Differentiability using limit definition

[Qube]

Homework Statement

http://i.minus.com/jbzvT5rTWybpEZ.png

Homework Equations

If a function is differentiable, the function is continuous. The contrapositive is also true. If a function is not continuous, then it is not differentiable.

A function is differentiable when the limit definition of its derivative exists.

A limit exists when the left and right hand limits are equal.

The limit of sinx/x as x approaches 0 is 1.

The Attempt at a Solution

Okay I first tried making the function continuous but I found that the function would be continuous for 0. I didn't think this was the right answer because the question asked me to use the limit definition so I applied that. Plus, the converse of the statement if a function is diff. it is continuous isn't necessarily true.

The left hand limit is equal to 2. The limit of (2sinx - 0) / (x - 0 ) is 2, using the trig identity mentioned above.

The right hand limit only equals 2 when k = 2. The limit of kx / x as x approaches 0 is k, since the x-terms cancel, and the limit is equal to k.
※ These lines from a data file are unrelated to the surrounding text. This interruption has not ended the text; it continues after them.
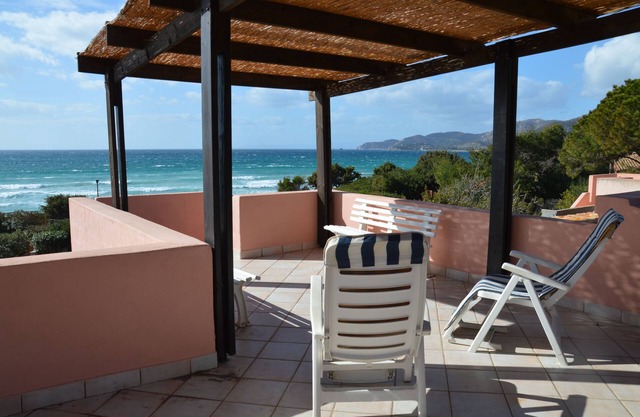 Campulongu - Villasimius: Spacious villa by the sea with panoramic terrace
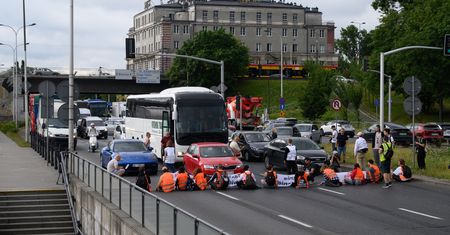 Blokady w dniu rozpoczęcia roku szkolnego. Polacy będą wściekli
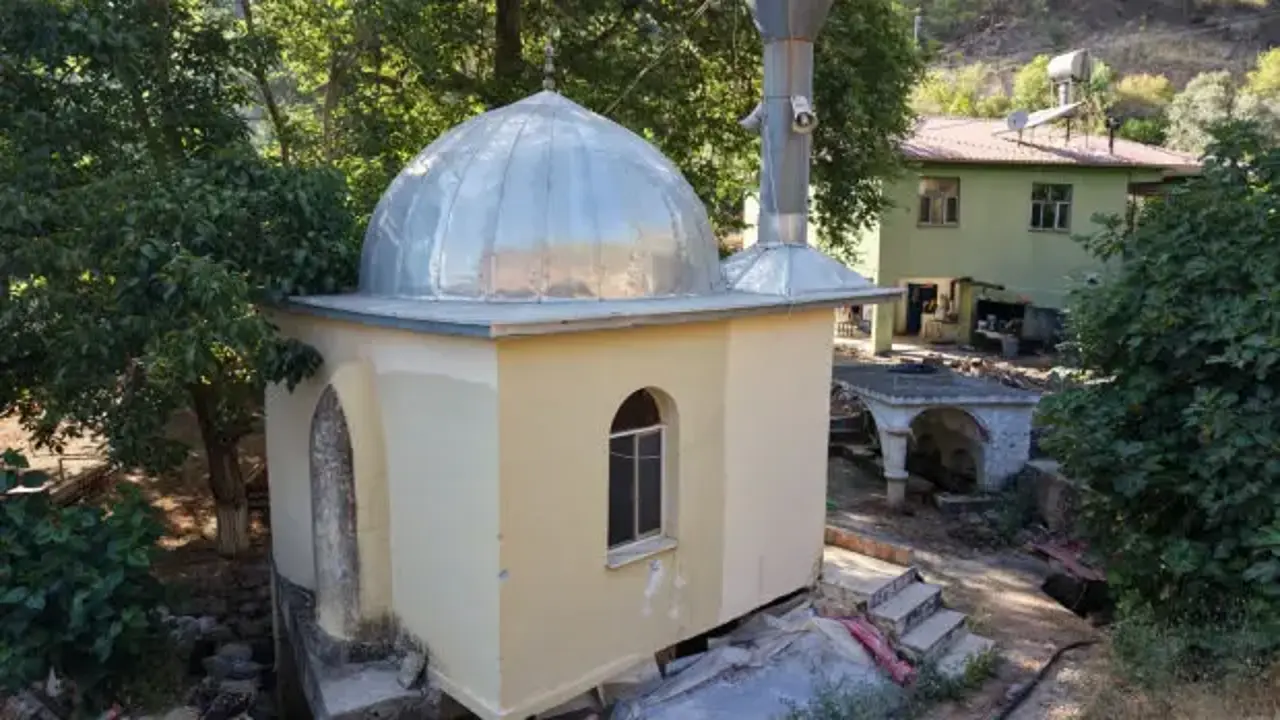 Mersin'de 9 metrekarelik cami dikkat çekiyor!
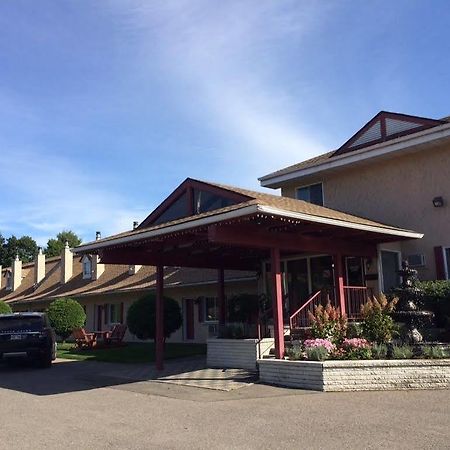Motel Des Pentes Et Suites Saint-Sauveur-des-Monts Exteriör bild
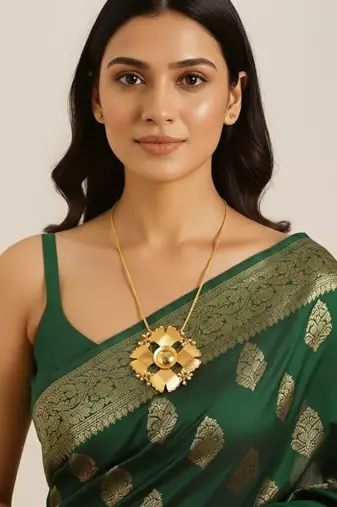 Gold blossom chain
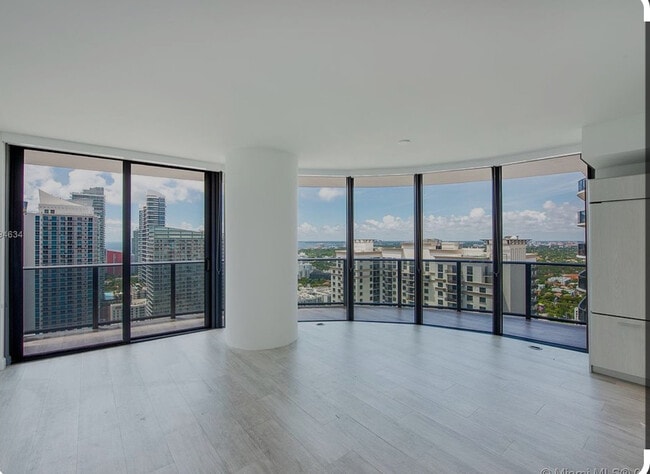 1600 NE 1st Ave in Miami, FL - Building Photo - Building Photo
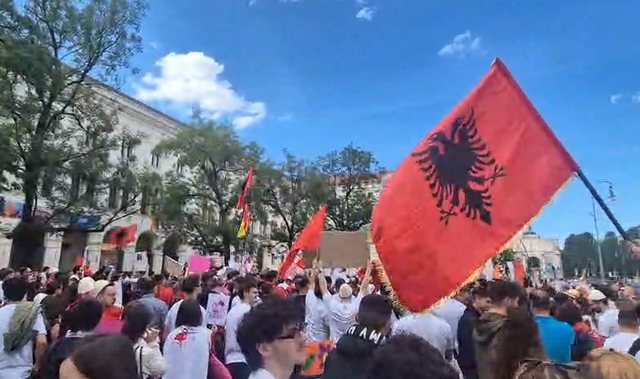 “Rama ik” jehonë në Mynih, diaspora shqiptare në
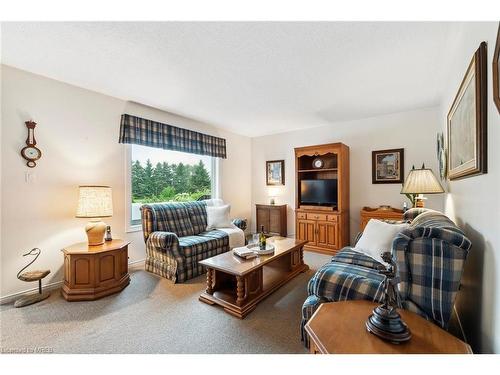 22 Lamont Creek Drive, Wasaga Beach, ON - Indoor Photo Showing Living Room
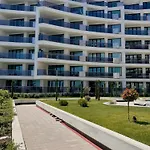 Apartment Sunrise L 1bd Sea View L Pool L Free Parking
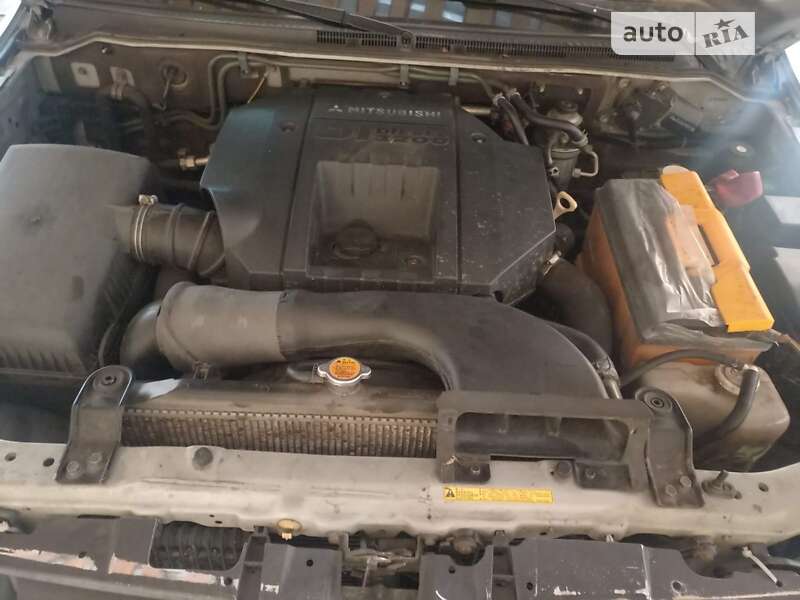 Внедорожник / Кроссовер Mitsubishi Pajero 2002 в Сумах фото 6 Внедорожник / Кроссовер Mitsubishi Pajero 2002 в Сумах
K therefore must equal 2 for the left hand and the right hand limits to be equal.

Is this the correct solution and approach to this proble?

 

[pasmith]

Homework Statement

http://i.minus.com/jbzvT5rTWybpEZ.png

Homework Equations

If a function is differentiable, the function is continuous. The contrapositive is also true. If a function is not continuous, then it is not differentiable.

A function is differentiable when the limit definition of its derivative exists.

A limit exists when the left and right hand limits are equal.

The limit of sinx/x as x approaches 0 is 1.

The Attempt at a Solution

Okay I first tried making the function continuous but I found that the function would be continuous for 0. I didn't think this was the right answer because the question asked me to use the limit definition so I applied that. Plus, the converse of the statement if a function is diff. it is continuous isn't necessarily true.

The left hand limit is equal to 2. The limit of (2sinx - 0) / (x - 0 ) is 2, using the trig identity mentioned above.

The right hand limit only equals 2 when k = 2. The limit of kx / x as x approaches 0 is k, since the x-terms cancel, and the limit is equal to k. K therefore must equal 2 for the left hand and the right hand limits to be equal.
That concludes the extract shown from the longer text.